The servant asks for forgiveness, begs for forgiveness. He knows he will never be able to make up for what he has done but what else can he do?

And much to everyone's surprise, the king, or God forgives him.

We have been given the most amazing gift ever, life.

The chance to do amazing things, experience amazing things, be amazing. And truth be told we waste it.

We deserve at the end of our life, nothing. We should expect oblivion.

But God forgives us.

Offers us instead, love, hope, compassion, forgiveness, joy, peace.

Not only does he offer that in the next life, we can experience that in this life, along with healing and purpose and meaning.

What should the servant’s response to that be?

I would expect wonder, gratitude, joy, elation.

This is a second chance to live life and do it right this time.

But that is not what this servant feels.

This servant feels he has gotten away with it. He feels no sense of debt or gratitude. He has learnt no lesson.

And as he leaves he sees a fellow servant who owes him a pittance, and because his friend couldn't pay him back immediately he puts him in prison.

The king finds out and rescinds the forgiveness.

I think Jesus is giving us a warning in this parable.

Because although it is obvious that the king is God in the story, it is not so obvious who the servant is.

Maybe the servant in the story is the person who has hurt us.

If so then we don’t need to do anything, we don’t need to worry about anything, because God will find out in the end and the bad guy will be sorted out by God.

But maybe, and I think this is what Jesus was afraid of.

That the servant is Peter, the servant is us.

And if the servant is us then Jesus is warning us what we let into our heart.

For we have a choice.

If our heart is led by what we believe God has done for us, if our main thoughts are about how God has been and continues to be so generous to us...then our hearts can be full of compassion and joy and forgiveness.
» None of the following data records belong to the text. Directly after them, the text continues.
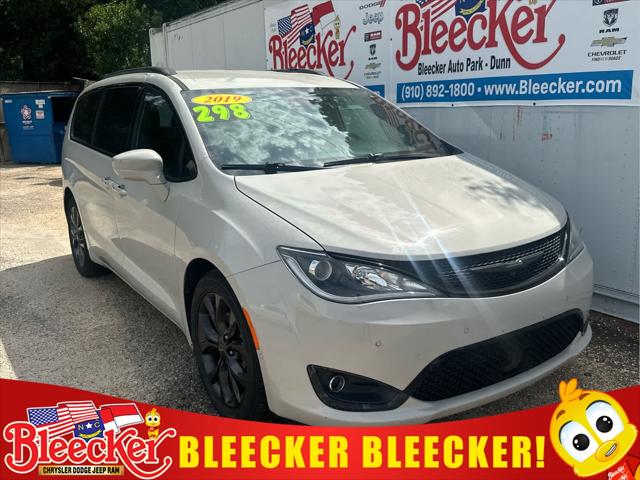 2019 Chrysler Pacifica Touring L Plus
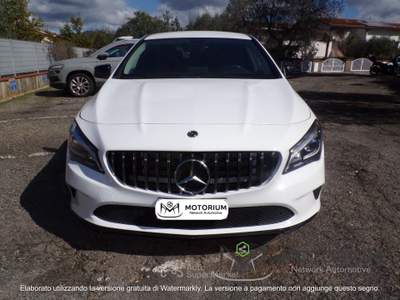 Mercedes-Benz CLA d Automatic Sport Coupè del 2019 Bianco usata Livorno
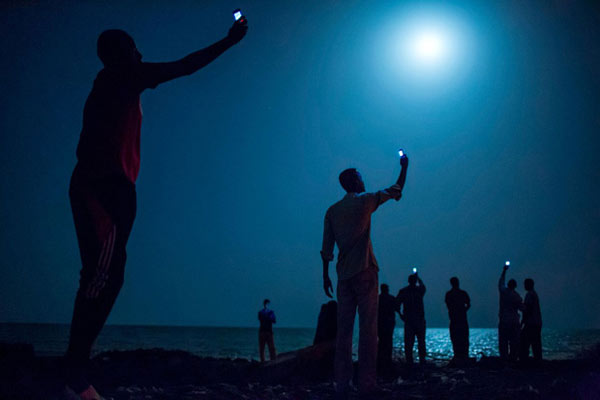Những người di cư châu Phi ở Djibouti đang cố gắng bắt tín hiệu từ nước láng giềng Somalia vào tháng 2 năm 2013.
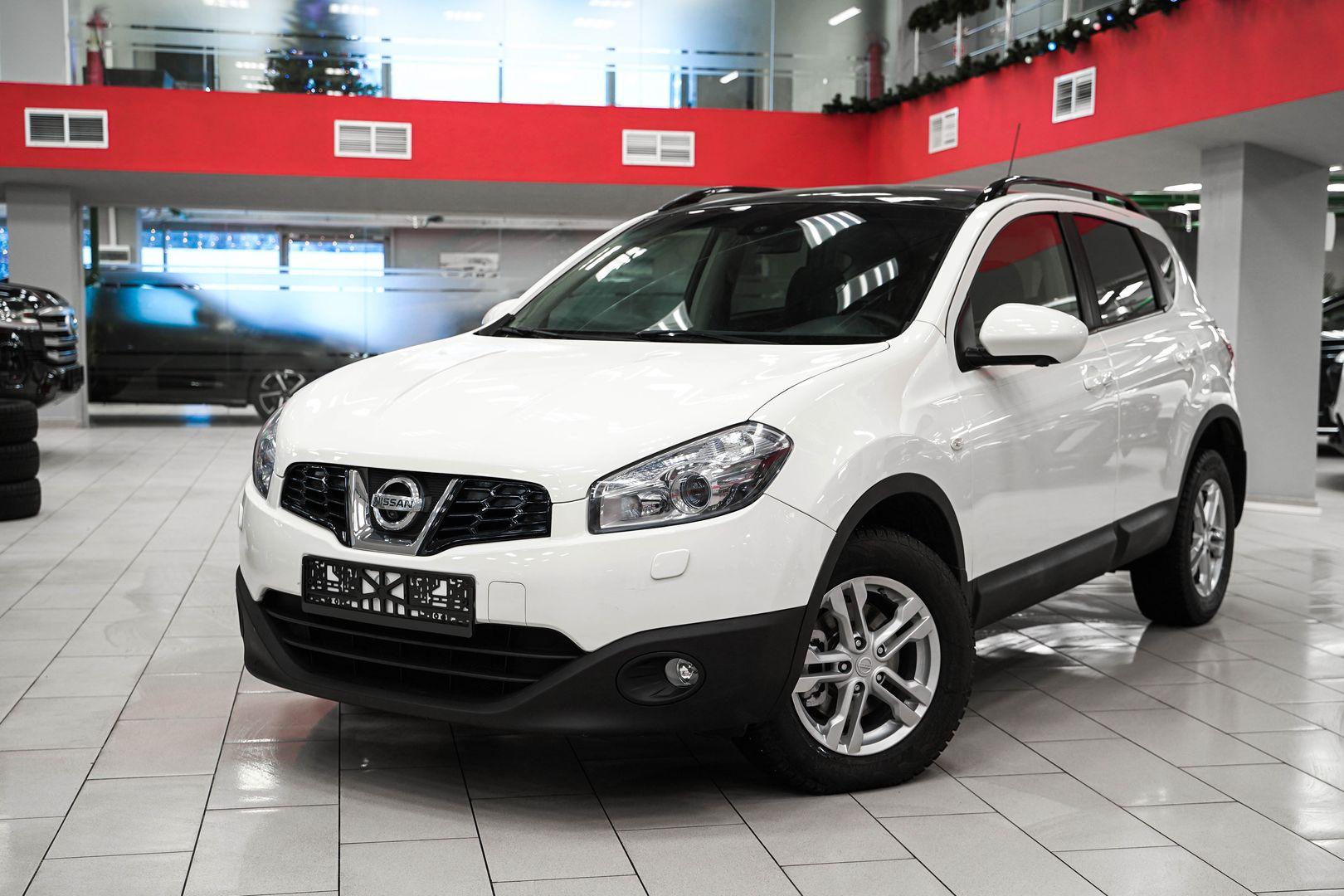 Nissan Qashqai 2013, белый, ДЦ Орехово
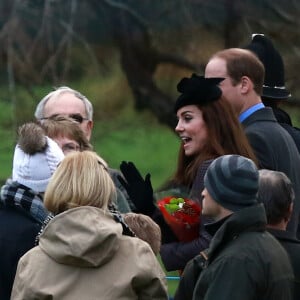 Le prince William et Kate Middleton après la messe dominicale en l'église St. Mary Magdalene à Sandringham le 28 décembre 2015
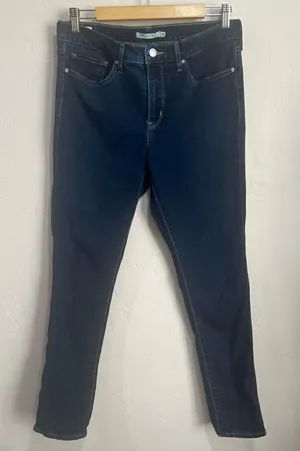 Levi's 311 Shaping Skinny Women's Jeans thumbnail 1
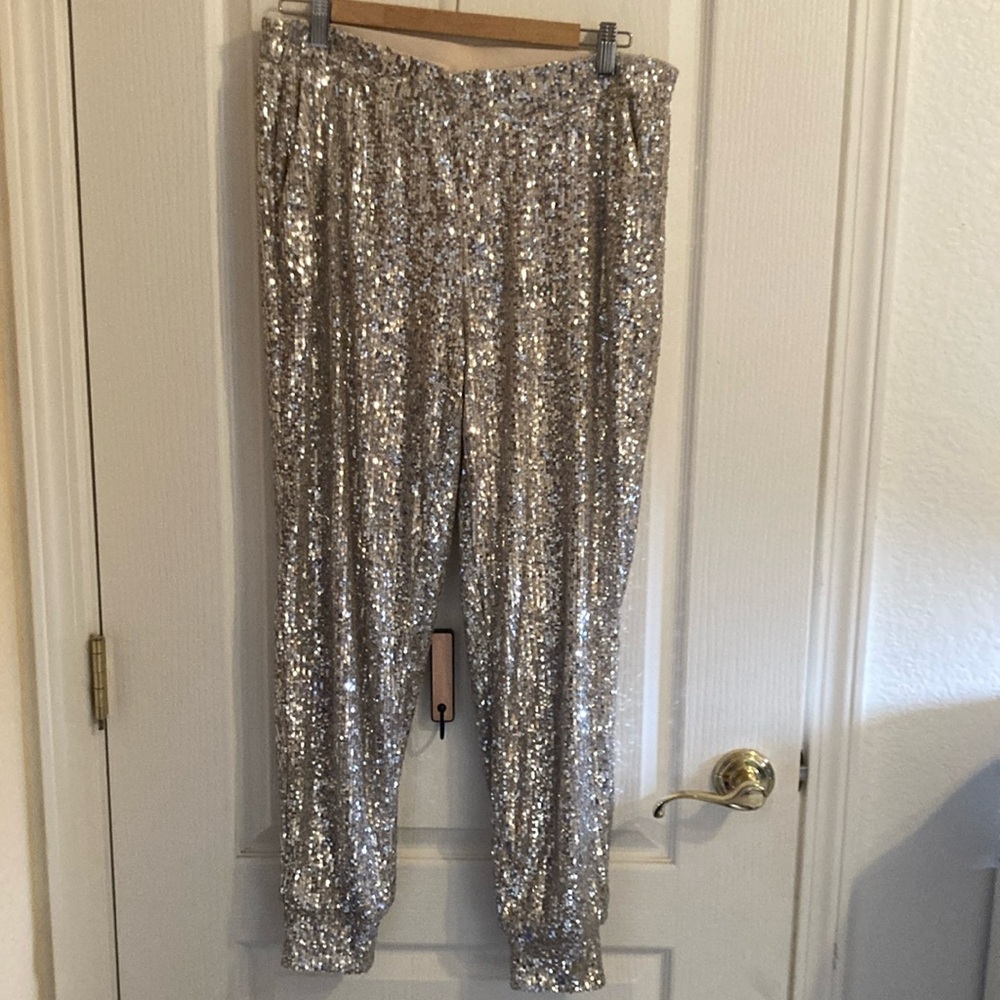 Sequined joggers sz med.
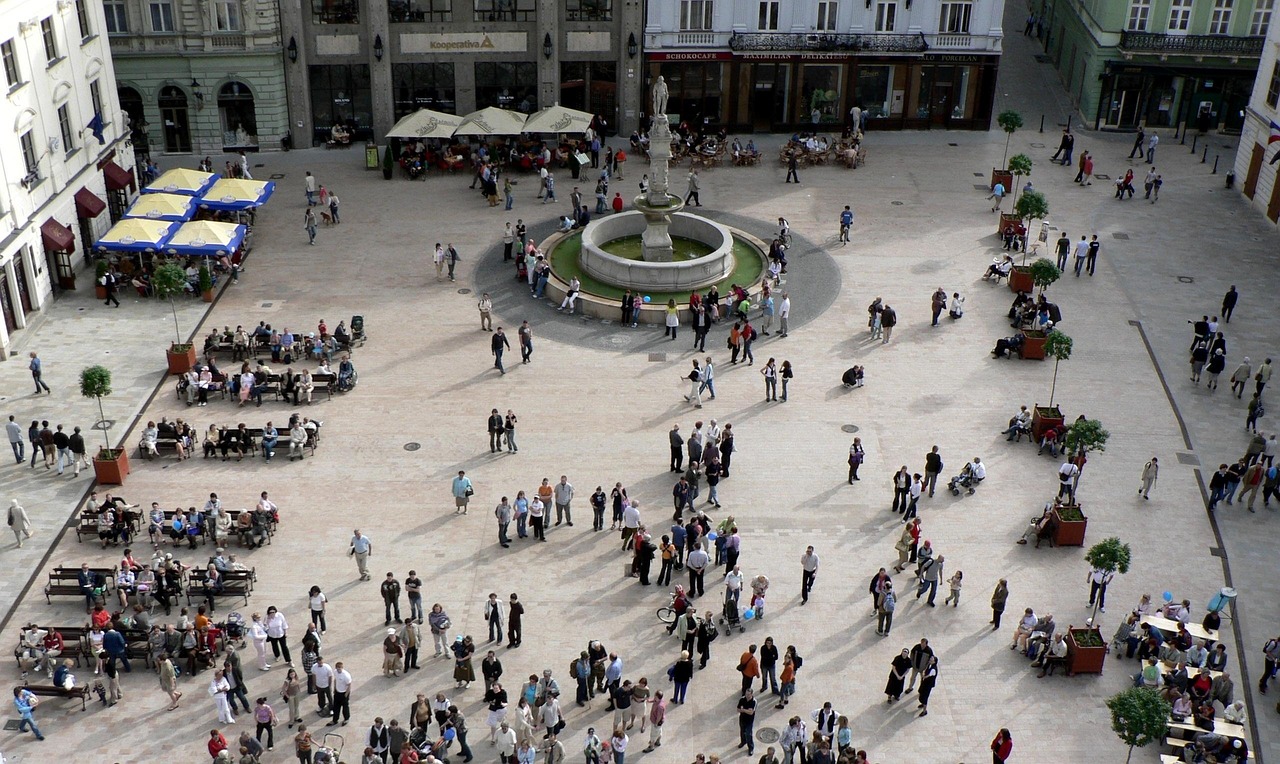 Newington’s Town Square Ties: Lab Grown Engagement Rings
We can treat others the way God has treated us.

Now that doesn’t mean that we allow others to abuse us.

It doesn’t help others if we allow them to make us a door mat.

We can set boundaries.

We can put conditions of behaviour on our relationship.

We can even divorce or withhold from seeing them if that is what is needed.

But we don’t give up on them.

Because of we do then we fill our heart with other things.

Instead of our heart thinking of how good God has been to us.

We let their hurt and evil create hatred in our heart.

Instead of compassion in our heart we feel the need for vengeance.

Instead of wanting the best for that person we want the worst.

Instead of joy being in our heart we feel anger.

And Jesus cared more about our heart, Peter’s heart, than he cared about what was happening to us.

Because what happens to us in this world is short term, what happens to our heart is eternal.

So, hard as it is, when folk sin against us, we never give up on them, we never let them change our heart, we keep it full of the love and compassion that it should have.

Because God didn't create us to be victims, he created us to be beloved children.

And if we let hatred and vengeance and anger into our heart, then we become another victim, we become like those who have hurt us, we build walls round ourselves to prevent ourselves being hurt again, we isolate ourselves and stop others from being there for us, we stop being the child of God, the child of fellowship and community that we were created to be. We create a castle round ourselves to protect ourselves. But that castle cuts off everyone else, and soon the castle has become no more than a prison of our own making.

How many times should I forgive my brother who keeps on sinning against me?

That depends on what type of life you want to live.

If you want to be like him, if you want to be exactly like that brother who cares so little for others...then never forgive him. For your heart will grow through anger and hatred to become just like his.

But then what is your heart worth?

God felt your heart was worthy of forgiveness, of a second chance, of feeling compassion and hope, love and joy.

Maybe we should have the courage to let those things into our heart?